ACTION ITEM: Print the lines that run from the line with "Mexen Kioto+ L, sprchová" to the line with "Spara chatbot conversation", keeping both end lines, exactly as they appear in the entries below, and nothing else.

AVAILABLE RECORDS:
---+---

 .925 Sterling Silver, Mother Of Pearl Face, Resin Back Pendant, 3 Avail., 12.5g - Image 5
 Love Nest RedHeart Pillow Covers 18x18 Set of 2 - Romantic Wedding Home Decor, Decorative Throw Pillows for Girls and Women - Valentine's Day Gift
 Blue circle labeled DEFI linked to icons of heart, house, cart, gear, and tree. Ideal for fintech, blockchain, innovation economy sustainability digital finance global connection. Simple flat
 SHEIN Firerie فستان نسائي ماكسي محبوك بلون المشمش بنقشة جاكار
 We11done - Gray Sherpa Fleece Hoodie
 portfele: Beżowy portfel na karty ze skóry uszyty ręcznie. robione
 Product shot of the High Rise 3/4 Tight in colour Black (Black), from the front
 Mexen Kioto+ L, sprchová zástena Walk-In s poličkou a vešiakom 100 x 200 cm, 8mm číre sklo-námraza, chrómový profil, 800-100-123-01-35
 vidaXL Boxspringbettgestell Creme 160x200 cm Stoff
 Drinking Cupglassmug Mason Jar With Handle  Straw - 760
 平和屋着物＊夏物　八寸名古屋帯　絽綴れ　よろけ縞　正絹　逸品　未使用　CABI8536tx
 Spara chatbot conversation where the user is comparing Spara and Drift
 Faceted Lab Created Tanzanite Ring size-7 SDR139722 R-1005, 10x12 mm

---+---

RESULT:
 Mexen Kioto+ L, sprchová zástena Walk-In s poličkou a vešiakom 100 x 200 cm, 8mm číre sklo-námraza, chrómový profil, 800-100-123-01-35
 vidaXL Boxspringbettgestell Creme 160x200 cm Stoff
 Drinking Cupglassmug Mason Jar With Handle  Straw - 760
 平和屋着物＊夏物　八寸名古屋帯　絽綴れ　よろけ縞　正絹　逸品　未使用　CABI8536tx
 Spara chatbot conversation where the user is comparing Spara and Drift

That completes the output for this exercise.